As a Pakistani Muslim American born and raised in the US, I was very excited when I heard about this coming-of-age story of a Pakistani American boy in the US written by a Pakistan American author. I also read positive reviews and, therefore, anticipated reading a nuanced, refreshing story with multidimensional characters reflecting an authentic Pakistani Muslim American experience.

My anticipation quickly turned to dread as I read the first few pages of this novel, which describe the main character Hayat's so-called liberation and "freedom" from his religion as he sinks his teeth into a pork hot dog. The next few pages describe a college class in which the professor challenges the authenticity of the Muslim holy book, the Qur'an, while the protagonist Hayat happily follows along. It immediately struck me as an easy plot device for the author to portray the main character as one who has rejected his religion in order to gain freedom. I dreaded the rest of the story for fear that it would surely paint all Muslims as one-dimensional stereotypical caricatures...closed-minded extremists...but part of me hoped that that I would be wrong.

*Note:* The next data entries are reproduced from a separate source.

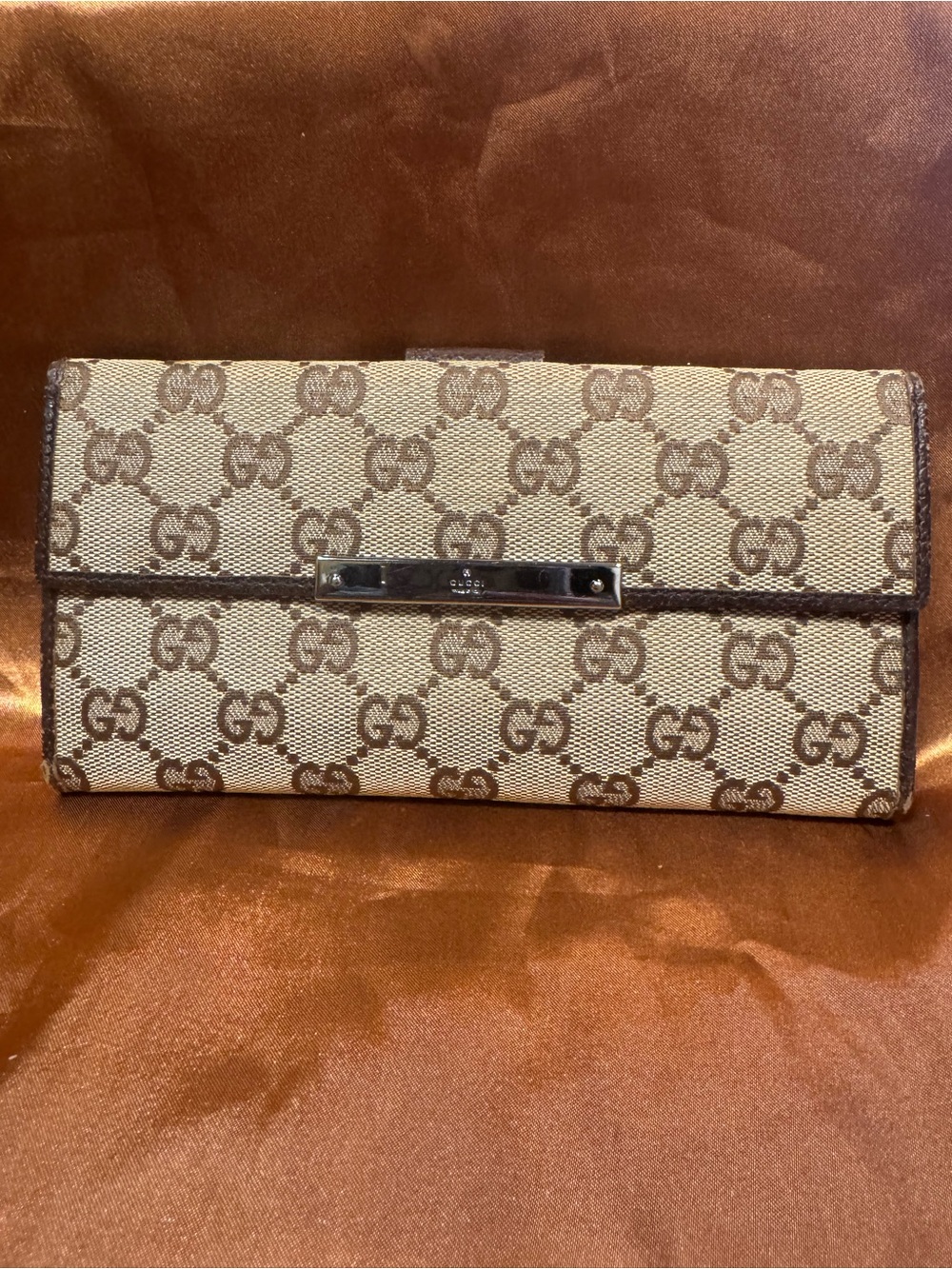 Vintage Gucci Monogram Continental Wallet Logo Plaque in Excellent Condition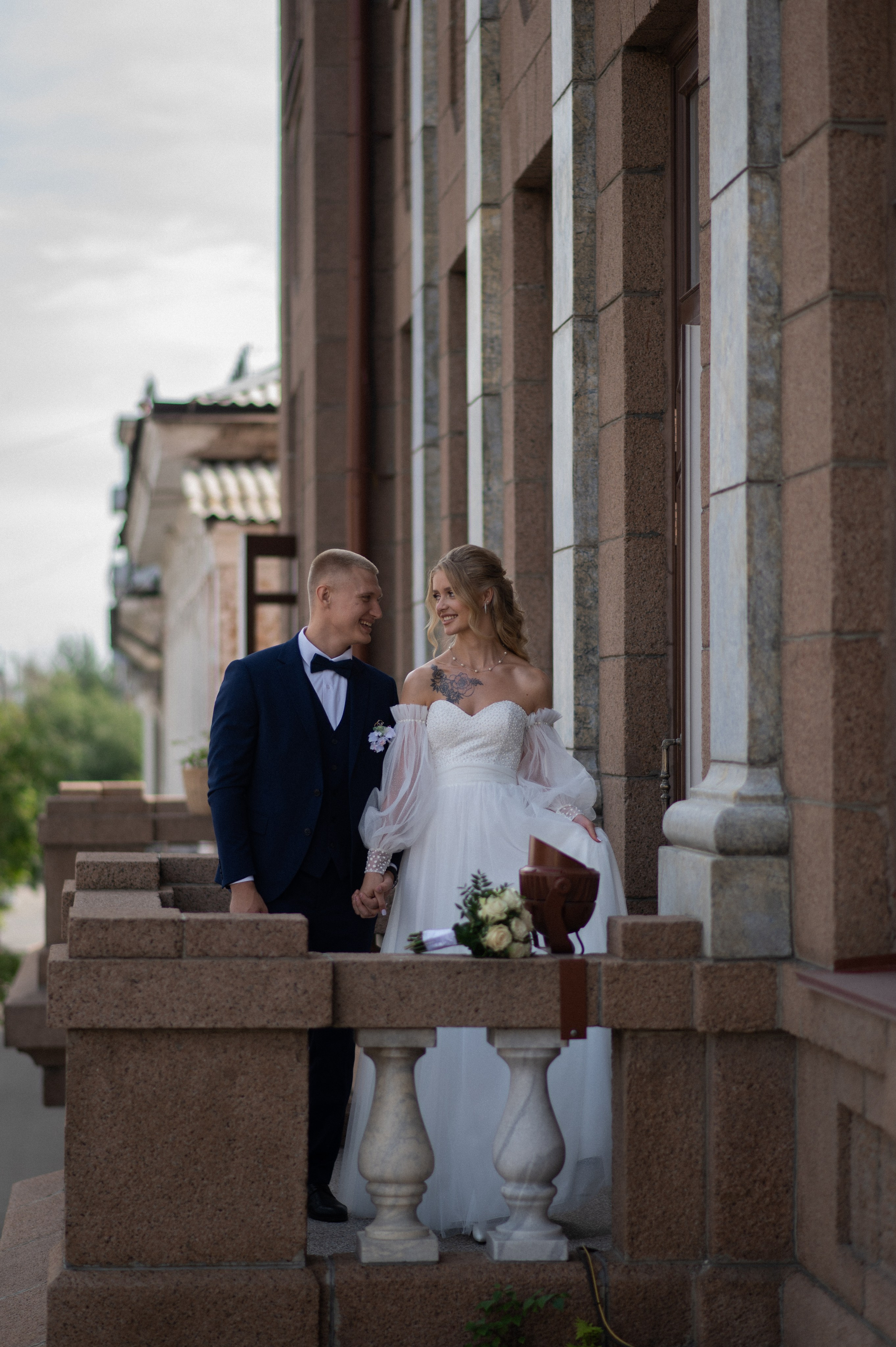 STOP! Wait a minute. Wedding and commercial photographer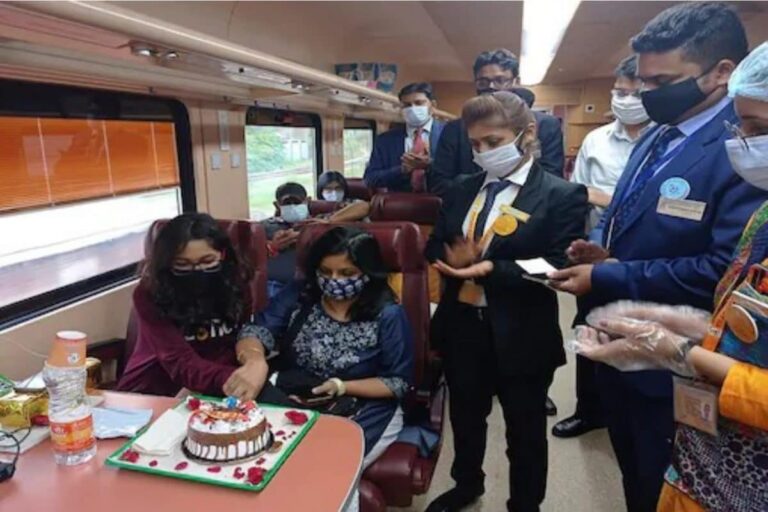 Want to Celebrate Birthday on Moving Train? Book Tickets On Tejas Express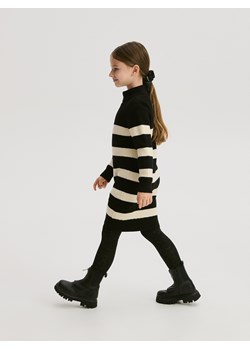 Reserved - Dzianinowa sukienka w paski - wielobarwny - id: 800FH-MLC - marki Reserved - 187275572 Reserved - Dzianinowa sukienka w paski - wielobarwny ze sklepu Reserved w kategorii Swetry dziewczęce - zdjęcie 187275572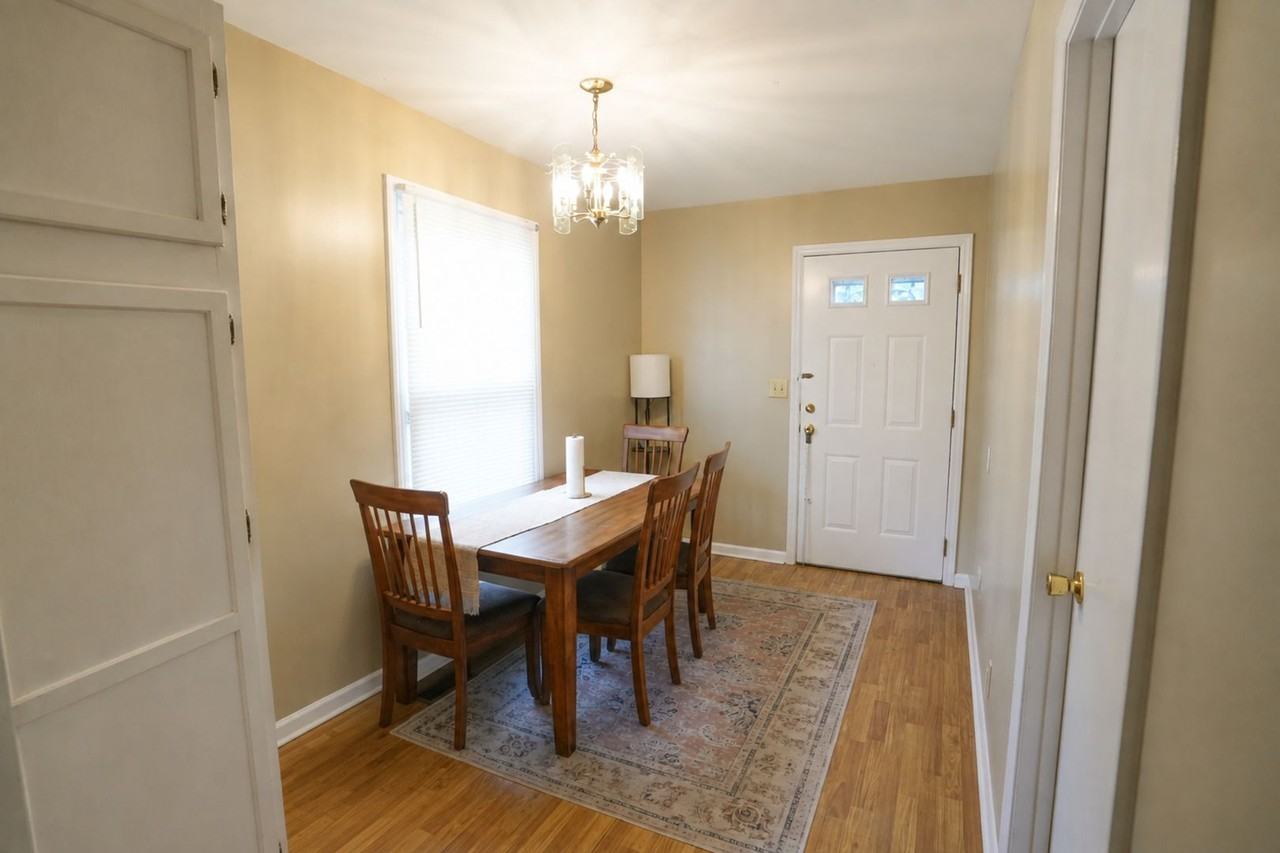 642 Golfview Dr - Photo 4 of 18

Unfortunately, I was right. The cast of Pakistani and Muslim characters in this story covers the majority of stereotypes widely disseminated in society today: closed-minded, anti-Semitic Muslims; violent, abusive Muslim men; philandering, alcoholic hypocritical Muslim men; oppressed, fatalistic Muslim women. Aside from the one arguably nuanced character in the story, Mina, the rest of the characters are one dimensional. The negative portrayal of Pakistani Muslims as a whole was not only disappointing; it reeked of inauthenticity to me. There was a lack of nuance and a lack of humanity in these characters that rendered them unlikeable and unrelatable.

I feel very let down. I hoped to read a story in which I could see a bit of my life experience within its pages. Instead, I read a story which panders to the mainstream Western narrative of Pakistanis and Muslims as backward, dysfunctional, extremist abusers, a story in which the protagonist must reject his identity and religion to find any semblance of redemption.

I gave this story two stars because it was written well, for what it was, making for a fast and, at times, gripping read. On the whole, though, a disappointment.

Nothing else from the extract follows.